One of the most common applications in the mining industry for peristaltic pumps is pumping highly concentrated solids. Peristaltic pumps typically prove their greatest effectiveness in this area. A common application is thickener underflow. The percent solids of mineral slurries may be 35 percent or up to 80 percent in a thickener underflow application. At 35 percent solids, a rubber-lined centrifugal pump may be used. At 80 percent solids a centrifugal pump typically cannot be used. At 55 percent solids either a peristaltic pump or a centrifugal pump may be used. However, a peristaltic pump may be a better solution because the wear parts of a centrifugal pump typically wear at a much greater rate with higher solids content.

Peristaltic pumps have become more popular in thickener underflow for numerous reasons when compared to centrifugal pumps. The peristaltic pump user can accurately control thickener underflow at a wide range of flow rates. A peristaltic pump does not have a flow curve but rather produces an exact flow per revolution. For this reason, the flow rate produced by the pump is controlled by increasing or decreasing the speed.
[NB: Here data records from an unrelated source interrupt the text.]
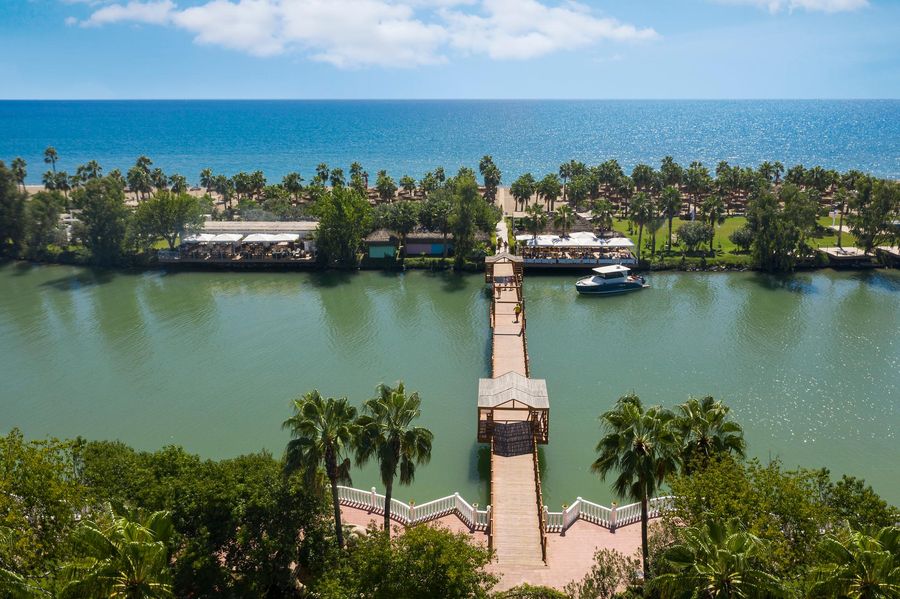 Selectum Family Resort Belek – görsel 4: Aktivite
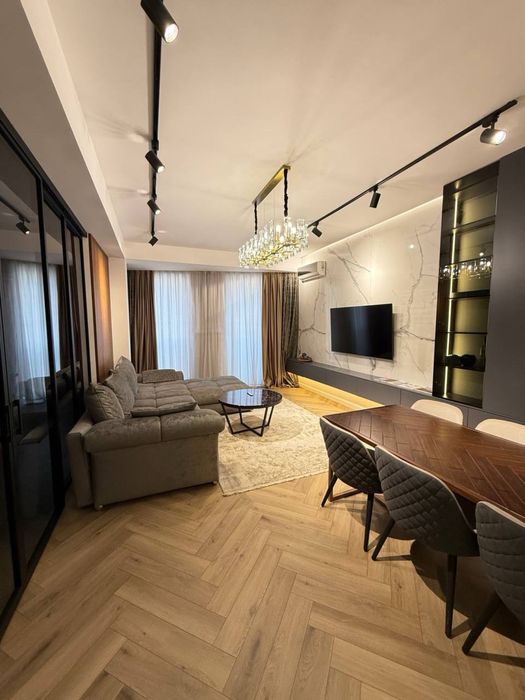 НОВОСТРОЙКА ЖК Do’stlar Murad Building на Ц-5 Финансовый институт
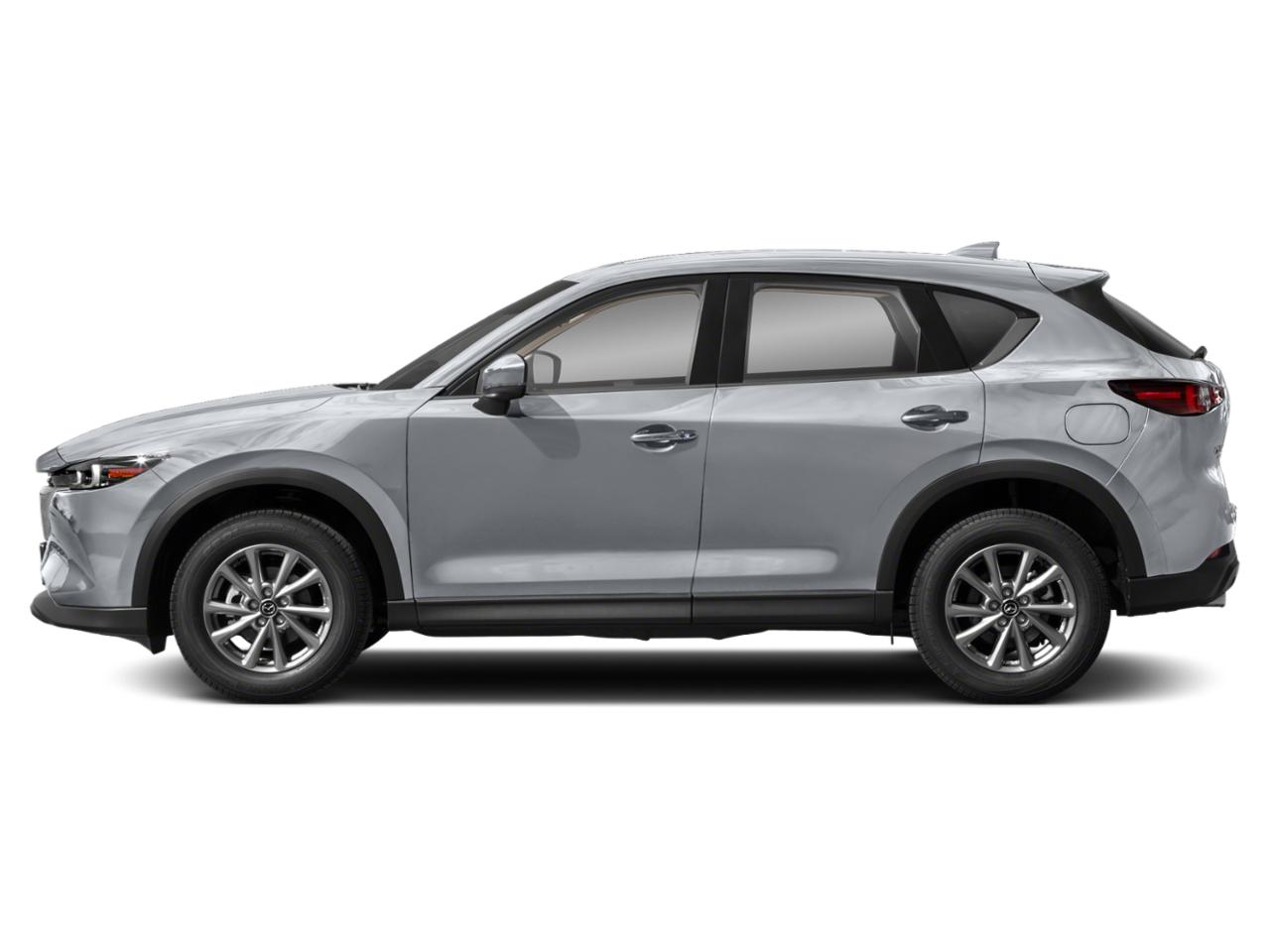 2023 Mazda CX-5 Vehicle Photo in Trevose, PA 19053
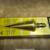 Brass Plumb Bobs (assorted sizes) - NOS 5 thumbnail
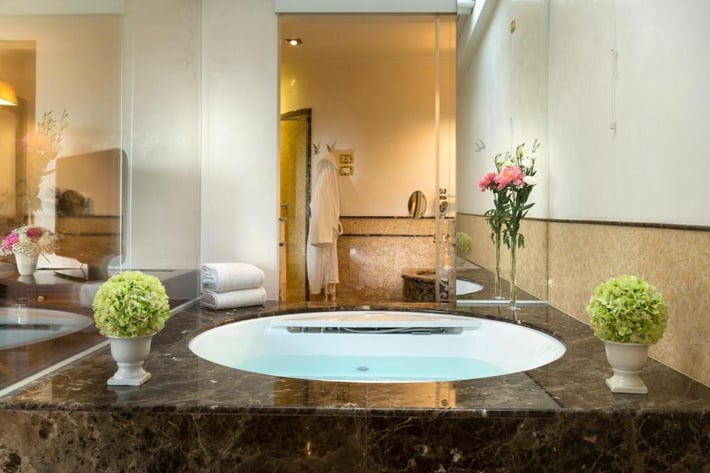 Hotel De Londres
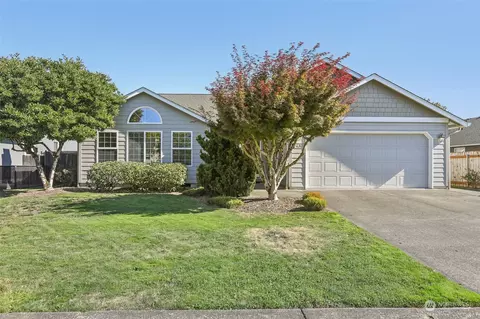 2438 Mulberry Ave, Longview, WA 98632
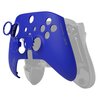 Nakładka na kontroler SCUF Instinct Faceplate Kit Niebieski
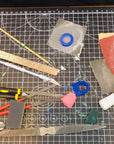 Wax Ring making Workshop - GIFT CARD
The advantage is that the pump can be controlled at the very low flow rates as well as at near top revolutions per minute, unlike a centrifugal pump curve that may become difficult or impossible to control at low flow rates.

In a thickener, time and money are spent to thicken a slurry. Centrifugal pumps include mechanical seals that dilute the thickened sludge, and the need for gland seal water has a continuous cost to the operation. A peristaltic pump has no mechanical seals and requires no seal water. Those costs are eliminated with peristaltic pump use. Other advantages come with having the capability to pump thickened slurries up to 80 percent solids. For instance, pumping 80 percent solids means pumping a significantly less total volume. Energy consumption, piping sizes, valves, instrumentation, number of filtration chambers, retention time in filtration, size of other process equipment and make-up water costs are all reduced. When you calculate the savings, the amount can be large, assuming that the mining operation is in an area where water is abundant. This is the case with some operations, but many mines are located in areas where water is a scarce resource. If this is the situation, then peristaltic pumps become much more attractive.

Shoe style design

Table 1. User feedback on operating costs for 2.5-inch single roller design pump compared to 4-inch shoe design pump

Table 1. User feedback on operating costs for 2.5-inch single roller design pump compared to 4-inch shoe design pump

Peristaltic pumps can be quite different in the way they close or occlude the hose to create the flow through the pump. One of the designs includes two metal bumps or metal shoes attached to arms 180 degrees opposite each other, which rub against the rubber hose to push the material forward and out of the pump. A significant limiting factor of this “shoe” style is how fast, or number of revolutions per minute, the pump can run. The reason is because this type of design is friction-based. The shoes generate heat as they rub against the rubber hose. If this heat is controlled, the pump will continue to heat up, destroy the rubber hose and lead to shorter bearing life. This style of peristaltic pump utilizes large amounts of glycerin to help transfer the heat from the hose and internal components to the casing of the pump. This glycerin becomes a significant cost to the end user. A 3-inch (80-millimeter) pump may require 8 to 10 gallons of glycerin at about $100 per gallon. When the hose fails, this glycerin is waste and needs to be replaced. One thousand dollars of waste glycerin is discarded with every hose failure.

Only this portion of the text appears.